Since 1997, Northfield has used various forms of “contemporaneously observable” information to improve estimates of the future risk of securities and investment portfolios.  The first effort was to include changes in “option implied” stock volatility in our short horizon risk models in the late 1990s.   In 2007, we began to expand this concept using information sets outside the regular data inputs to our models to adjust risk forecasts to fit current market conditions.  A “near horizon” family of models was commercially introduced in 2009 and uses observable broad market information (e.g.

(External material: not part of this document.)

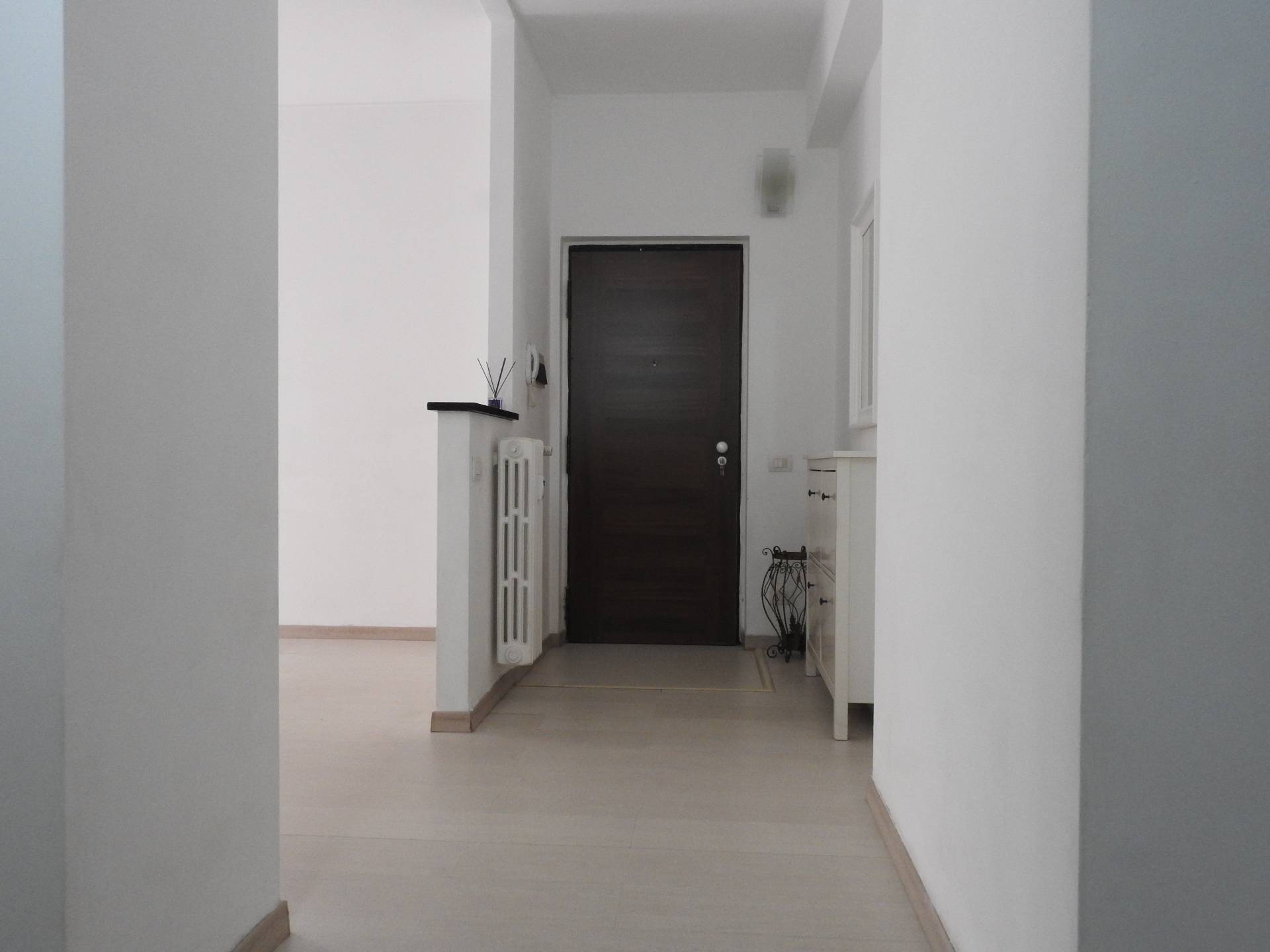 Appartamento in vendita a Merate, Centro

VIX level, TED spread) to inform our models on how things now are different from the way they usually are.  We have conducted joint research projects with two groups of MIT graduate students to explore how quantified news text can used to further improve risk estimates of over short time horizon, as first suggested in diBartolomeo, Mitra and Mitra (Quantitative Finance, 2009).   A recent internal research project confirms the efficacy of quantified news (T > 9) as an input to next day volatility estimation over a sample of 1.7 million data points.  This presentation will review the research done to date on “conditional” risk modeling, describe the various forms of quantified news feeds that are now available to investment professionals, and provide empirical data from the various studies on the extent to which quantified news has been demonstrated to be a useful ingredient of security level risk assessment.